THIS IS WITH REFERENCE TO OUR LETTER OF NOVEMBER 30, 1938, IN REPLY TO YOUR LETTER NO. A-98686 WITH RESPECT TO THE APPLICATION FOR PAYMENT FORM SB-110 SUBMITTED BY THE COLORADO STATE PRISON UNDER THE COLORADO STATE PRISON UNDER THE 1937 SUGAR-BEET PROGRAM.

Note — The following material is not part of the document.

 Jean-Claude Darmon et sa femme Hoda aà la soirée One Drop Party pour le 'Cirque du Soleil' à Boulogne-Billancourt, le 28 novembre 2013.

THE APPLICATION IN QUESTION BEARS STATE AND COUNTY CODE NUMBER 84 022 AND SERIAL NUMBER 6, AND WAS SIGNED ON BEHALF OF THE COLORADO STATE PRISON AS TENANT AND THE HARDING HARDWARE COMPANY, OF CANON CITY, COLORADO, AS LANDLORD. HOWEVER, AT THE TIME THIS CASE WAS UNDER CONSIDERATION PRIOR TO OUR LETTER OF NOVEMBER 30, THIS DEPARTMENT HAD NO KNOWLEDGE THAT A LANDLORD-TENANT RELATIONSHIP EXISTED WITH RESPECT TO THE LAND INVOLVED, AND ASSUMED FROM YOUR LETTER THAT THE COLORADO STATE PRISON OWNED AND OPERATED THE FARMING UNIT. SUBSEQUENTLY IT HAS DEVELOPED THAT THE HARDING HARDWARE COMPANY, AS OWNER OF THE LAND, RECEIVES 20 PERCENT OF THE SUGAR BEETS PRODUCED THEREON, AND CONSEQUENTLY IS CLAIMING AN AMOUNT OF $70.33 OF THE TOTAL PAYMENT OF $351.64 SHOWN ON APPLICATION.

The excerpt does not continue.